Due to reasons, I cannot fully describe the process explicitly so I will be using substitutes to represent the variables.
Nomenclature:
$\bar{X}$ - independent variable 1
$\bar{Y}$ - independent variable 2
$\vec{F_z}$ - Target force vector
$\vec{F_z'}$ - New force vector
These vectors are the size of 1 x n
For example: n of 4
$\bar{X}$ = [${x_1}$ ${x_2}$ ${x_3}$ ${x_4}$]
$\bar{Y}$ = [${y_1}$ ${y_2}$ ${y_3}$ ${y_4}$]
$\vec{F_z}$ = [${F_{z1}}$ ${F_{z2}}$ ${F_{z3}}$ ${F_{z4}}$]
$\vec{F_z'}$ = [${F_{z'1}}$ ${F_{z'2}}$ ${F_{z'3}}$ ${F_{z'4}}$]

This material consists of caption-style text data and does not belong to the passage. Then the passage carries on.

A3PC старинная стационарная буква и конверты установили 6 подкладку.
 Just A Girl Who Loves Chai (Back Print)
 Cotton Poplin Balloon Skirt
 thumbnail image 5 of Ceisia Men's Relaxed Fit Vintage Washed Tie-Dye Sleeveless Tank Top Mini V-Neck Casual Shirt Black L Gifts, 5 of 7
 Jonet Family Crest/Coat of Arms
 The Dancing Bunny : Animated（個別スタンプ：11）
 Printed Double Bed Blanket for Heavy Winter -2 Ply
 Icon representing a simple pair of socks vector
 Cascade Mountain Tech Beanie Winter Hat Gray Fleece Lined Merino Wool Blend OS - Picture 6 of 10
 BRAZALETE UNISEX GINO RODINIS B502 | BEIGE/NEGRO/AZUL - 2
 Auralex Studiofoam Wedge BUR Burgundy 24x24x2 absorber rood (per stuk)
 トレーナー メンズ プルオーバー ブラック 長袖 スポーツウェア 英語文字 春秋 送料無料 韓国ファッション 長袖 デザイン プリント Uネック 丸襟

Goal: \begin{equation} \bar{F_z'} = f(\bar{X},\bar{Y}) \end{equation}
\begin{equation} \bar{F_z'}-\bar{F_z} < |0.1| \end{equation}
Each individual Fz' must be within 10% of its respective Fz such as Fz'1 & Fz1.
Constraints
- The value of for $x$ is explicitly defined. A fixed set. example: {55500 44751 321548 ...} - The value for $y$ is within $-0.1<y<0.1$ with 0.001 as the min increments.
Difficulty
- Given that the relationships come from an FEA tool though the analysis itself is linearly static, the interactions between the locations and their effects on Fz' may not fit cleanly into a linear matrix framework.
- The couplings between locations complicates the problem. Such that change x or y or both in location 1 could affect the value for Fz' at other locations.
I was wondering if anyone has an idea on how to tackle this problem. I want to see if there's a mathematical way of solving this. Originally, I wanted to solve this through linear algebra, but the relationship between Fz and $x$ is most definitely nonlinear. The brute force iterative methods would be very computationally expensive.
My goal is to find a way to converge the solution and automate the process with code.
Please let me know what you guys have in mind.
Thank you guys for your help.
I'm not sure if this is considered an optimization problem as my knowledge in mathematics is fairly limited.
I apologize if it's not what you have expected. Once again, appreciate your time.
My goal is to deduce a way to calculate the new X_bar and Y_bar and try to converge to a solution with the least number of iterations.